By Dr Amitav Banerjee, MD*  

Decades ago, when test matches were the dominant form of the game, I, like most of my peers, was addicted to cricket, both playing and watching or rather listening as those days we did not have TVs but the transistor.
During the test matches be it in Australia, West Indies, India, England, or anywhere else, there used to be groups of young and old around “paan” shops trying to catch the running commentary. Students and office goers, young and old had their ears glued to the transistor following the ups and downs of the two teams and individual players over the course of the 5 days test match, with one day break for rest in between.
Even if the match ended in a draw, and quite a number of them did, the cricket lovers were never disappointed. We admired the finer nuances of the game and admired the skills of each player be it a bowler, a batsman or even an extraordinary fielder like our Eknath Solkar or the South African Jonty Rhodes. 
Who can forget the class and style of Tiger Pataudi, who faced the fastest bowlers of his time like the duo of Connolly and Mckenzie down under, laudable and courageous, considering he was visually handicapped having lost one eye in an accident when he was just 21 years old.
The cricketers those days played for the love of the game, if not the country. Few played for money or to get rich. They never signed huge contracts for commercials nor had any sponsors to back them. The players wore whites’ symbolizing gentlemanliness both in attire and attitude. Cricketers were as pure as the whites they wore without any “conflicts of interest.” They took the umpires decision sportingly even if they sometimes erred. There was no concept of third umpires.
Clouds hovered over this Garden of Eden (the Cricket Stadium in Kolkata is still called Eden Gardens). Commerce entered the gentleman’s game of cricket heralding the loss of innocence. This was in the form of Kerry Packer, an Australian media mogul who entered the cricket arena in the late seventies. While not a cricketer of any reckoning his stepping in was a game changer. 

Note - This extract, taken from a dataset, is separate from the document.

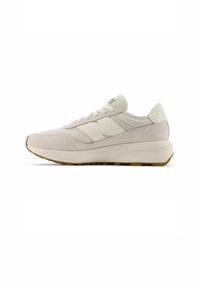 Scarpa sportiva chiara realizzata in materiali scamosciati e rete. Presenta un collare imbottito, design con lacci e una suola in gomma con grip testurizzato.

Primarily a businessman, he lured the players with lucre and fame, weaning away the players and people from test cricket and feeding them the fast food of shorter versions of the game, the one day internationals (ODI) to start with which replaced test matches. The players discarded the whites symbolizing the loss of innocence. 
The transition from a gentleman’s game to a spectator sport was rapid and unchecked with shorter and shorter forms of the game becoming popular. T20 has become the most popular form of cricket today. The complexities and finer points of the game appreciated in test matches by the connoisseur of the game became a thing of the past. Commercial interests raised the stakes which in turn brought in third umpires and action replays.
A gentleman’s game degenerated to business and big business.
Similar fate has befallen the noble profession of medicine which was more of a calling in an earlier era.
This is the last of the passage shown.